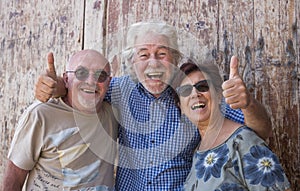 Three senior people together standing in front to an old wooden door laughing happy - active retired elderly and fun concept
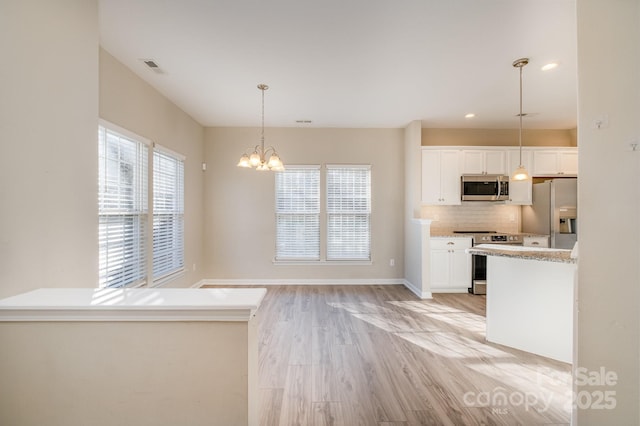 kitchen with tasteful backsplash, stainless steel appliances, decorative light fixtures, and white cabinets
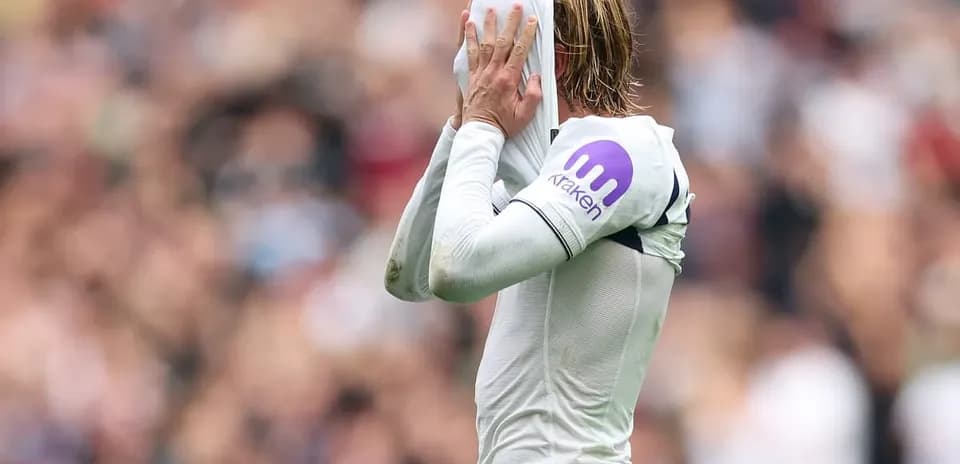 Player removing jersey during match action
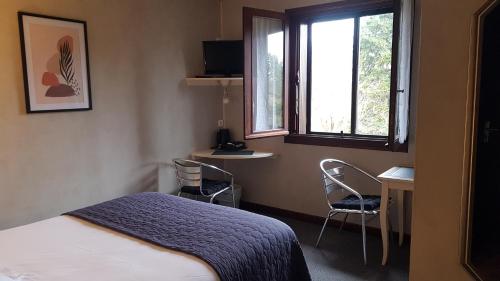 a bedroom with a bed and two chairs and a window at Relais de Frejeroques in Foissac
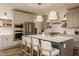 Spacious kitchen with a large island, stainless steel appliances, and ample storage at 15655 Woodford Dr, Westfield, IN 46074
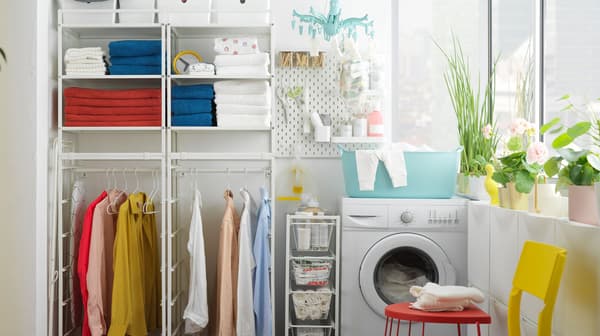 Een JONAXEL opbergsysteem met hangende kleding en ruimte voor een wasmachine.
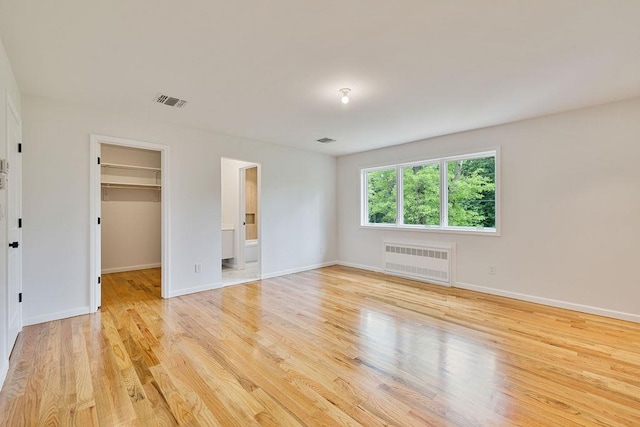 23 Northbrook Rd Unit 202, Spring Valley, NY 10977 - empty room featuring radiator, light wood finished floors, and baseboards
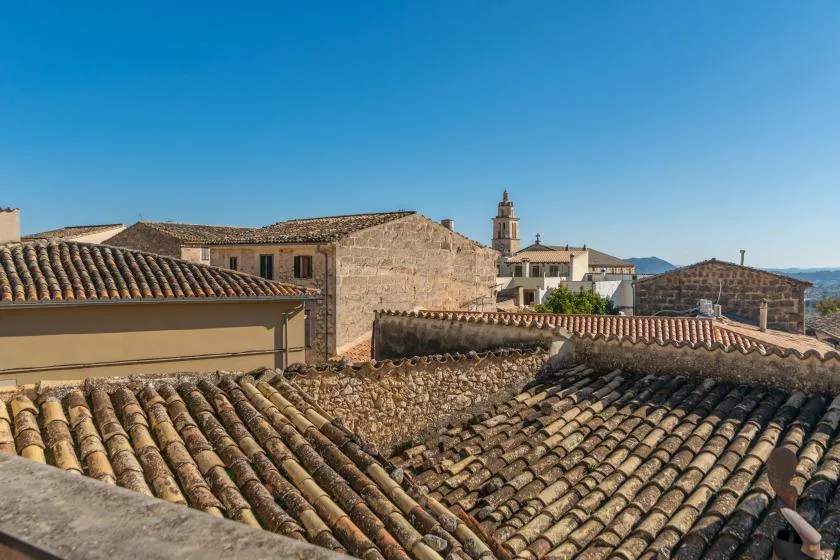 Rooftops of a town with a bell tower beneath a clear blue sky.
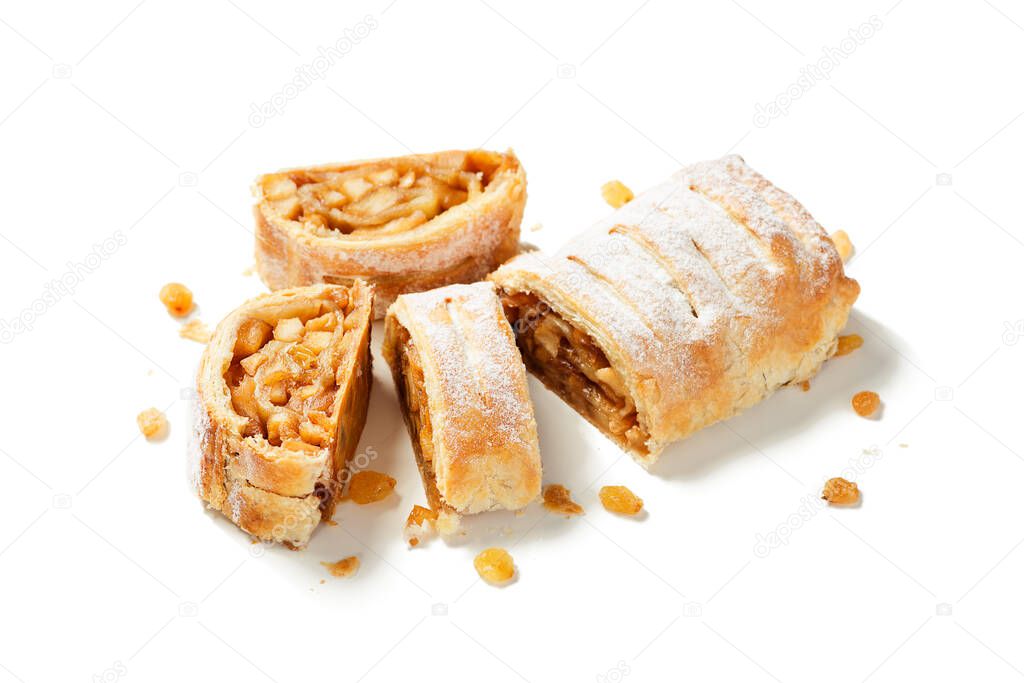 Traditional homemade apple strudel with caramelized apples and raisins. isolated on white background.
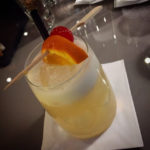 whiskey and oj with orange slice and cherry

* * * *

*WORK TO BE COMPLETED*.
Output the listing exactly, without images.

*EXERCISE RESULT*.
 Three senior people together standing in front to an old wooden door laughing happy - active retired elderly and fun concept
 kitchen with tasteful backsplash, stainless steel appliances, decorative light fixtures, and white cabinets
 Player removing jersey during match action
 a bedroom with a bed and two chairs and a window at Relais de Frejeroques in Foissac
 Spacious kitchen with a large island, stainless steel appliances, and ample storage at 15655 Woodford Dr, Westfield, IN 46074
 Een JONAXEL opbergsysteem met hangende kleding en ruimte voor een wasmachine.
 23 Northbrook Rd Unit 202, Spring Valley, NY 10977 - empty room featuring radiator, light wood finished floors, and baseboards
 Rooftops of a town with a bell tower beneath a clear blue sky.
 Traditional homemade apple strudel with caramelized apples and raisins. isolated on white background.
 whiskey and oj with orange slice and cherry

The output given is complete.